104. In view of the corroborative facts and evidences brought on record by the appellant which showed that the payment of Rs. 1,29,07,228/- was actually received in cheque (para 98 & para 100 refers)and the ratio laid down in the judicial precedents (supra), we do not find merit in the Ld. CIT(A)’s action of confirming the addition of 1,29,07,228/- by way of alleged on-monies received upon sale of Flat Nos. 23EA and 24EA u/s 68 of the Act. The AO is accordingly directed to delete the same. Ground Nos. 2 to 5 of the assessee’s appeal succeeds and therefore stands allowed in favour of the assessee and against the Revenue.

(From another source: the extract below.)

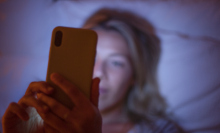 A white woman with blonde hair lies in bed at night scrolling on her phone.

105. As a consequence of the above discussion and the finding of fact recorded in para 98 & para 100 supra , the Revenue’s ground No 2 against the Ld. CIT(A)’s action of deleting the addition of Rs.43,04,39,751/- made by the AO u/s 68 of the Act, by extrapolating unaccounted sales across all units sold by the appellant in Swarnamani Project, on the sole basis of the addition made on account of on-monies alleged to have been received from Shri S S Patodia, have no legs to stand on since, when the foundation goes, the super structure falls and this ground of Revenue has to necessarily fail. Moreover, we note that the AO failed to bring on record any other material which would in any manner suggest let alone prove that the other flat purchasers had paid any part of the consideration in cash/ on-monies over and above the declared sale consideration paid to the appellant/assessee. In absence of any such material (oral or documentary), we find merit in the Ld. CIT(A)’s conclusion that the extrapolation made by the AO was per-se arbitrary and therefore he rightly deleted the addition of Rs.43,04,39,75 1/-. Though on this score alone, this ground of the Revenue fail. Additionally, we also find merit in the Ld. CIT(A)’s reliance on the decisions of the Hon’ble Bombay High Court in the case of C.J. Saha & Sons (supra), the decisions of Kolkata, Ahemdabad & Delhi Bench of this Tribunal in the cases of Fort Project Pvt Ltd Vs DCIT(supra), Savitri Developers Pvt Ltd (supra) and Minda Industries vs DCIT (supra) wherein it was held that the theory of extrapolation cannot be applied on mere theoretical or hypothetical basis in absence of any corroborative evidence brought on record by the AO to warrant the same. We accordingly dismiss Ground No. 2 of the Revenue.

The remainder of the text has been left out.